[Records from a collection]
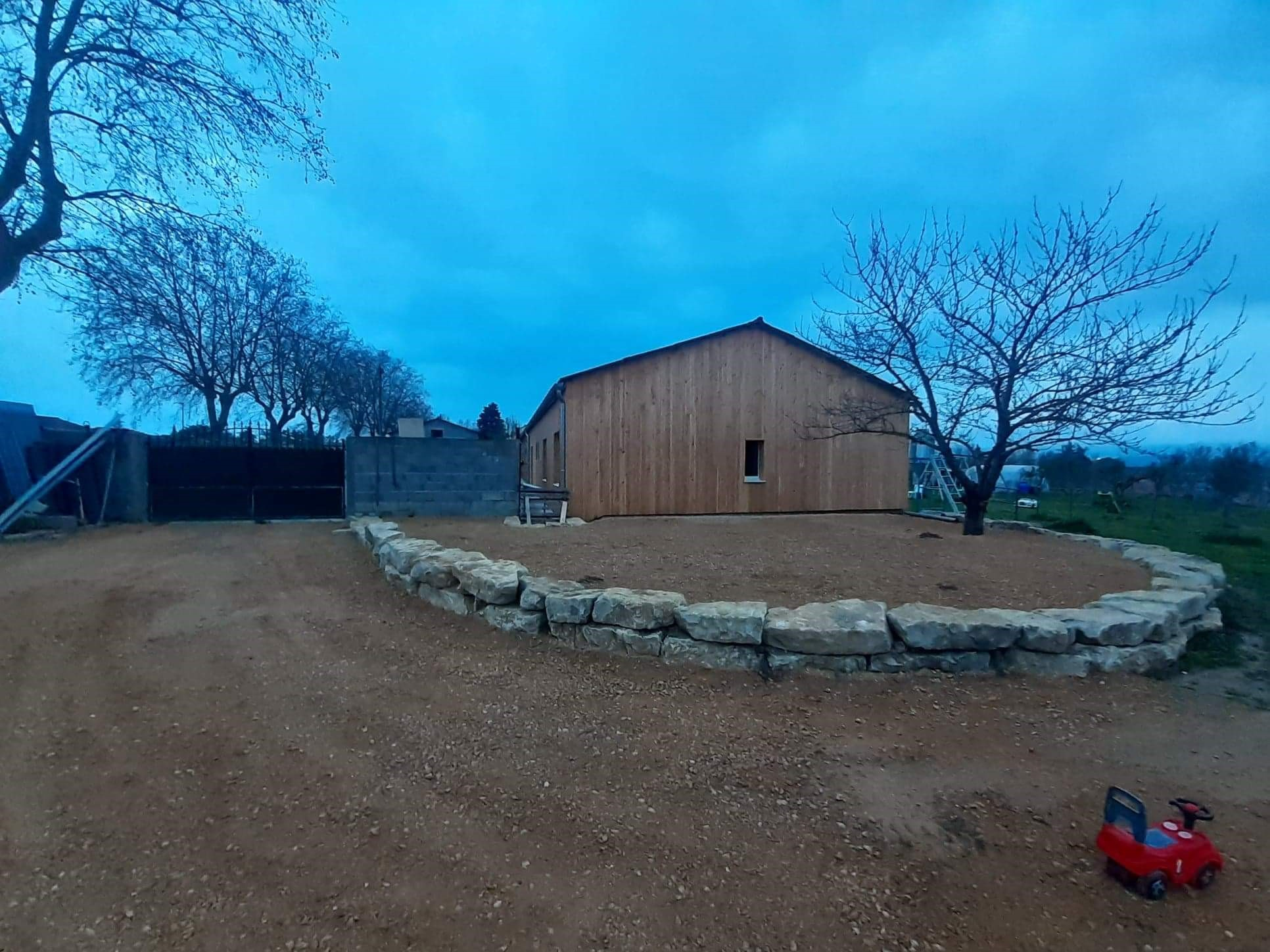 Double Villa with Lots of Land and Open Countryside Views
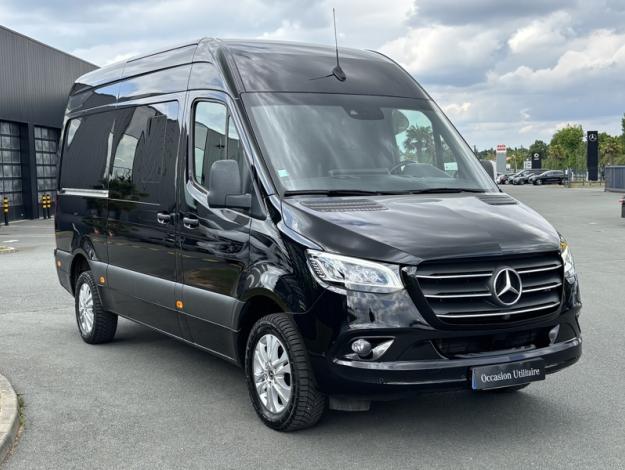 MERCEDES-BENZ Sprinter 317 CDI Fourgon Toit sureleve Standard Select 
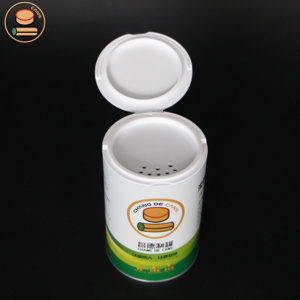 211 #300 # cấp thực phẩm nắp nhựa muối gia vị Shaker rung nắp nhựa cho bao bì ống giấy - Product Image 4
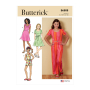 Patron Butterick 6888 combinaison / robe / combinaison courte fille, taille 128- 158, en français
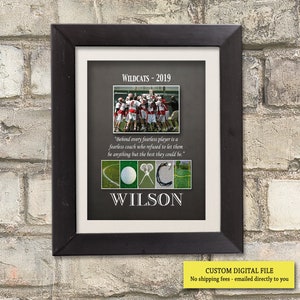 Personalized  Printable Gift for Lacrosse Coach, Team gift for lacrosse coach, End of season gift for lacrosse coach, Assistant coach gifts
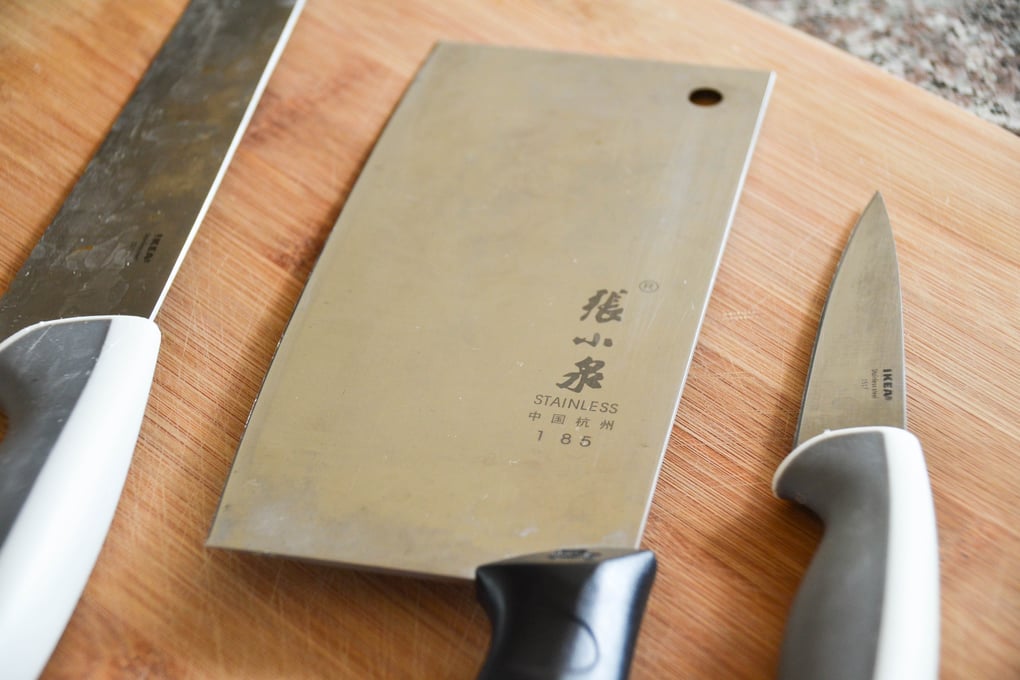 knives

» **WORK TO BE COMPLETED**
Without including any pictures, copy every line above exactly.

» **RESULT OF THE TASK**
 Double Villa with Lots of Land and Open Countryside Views
 MERCEDES-BENZ Sprinter 317 CDI Fourgon Toit sureleve Standard Select 
 211 #300 # cấp thực phẩm nắp nhựa muối gia vị Shaker rung nắp nhựa cho bao bì ống giấy - Product Image 4
 Patron Butterick 6888 combinaison / robe / combinaison courte fille, taille 128- 158, en français
 Personalized  Printable Gift for Lacrosse Coach, Team gift for lacrosse coach, End of season gift for lacrosse coach, Assistant coach gifts
 knives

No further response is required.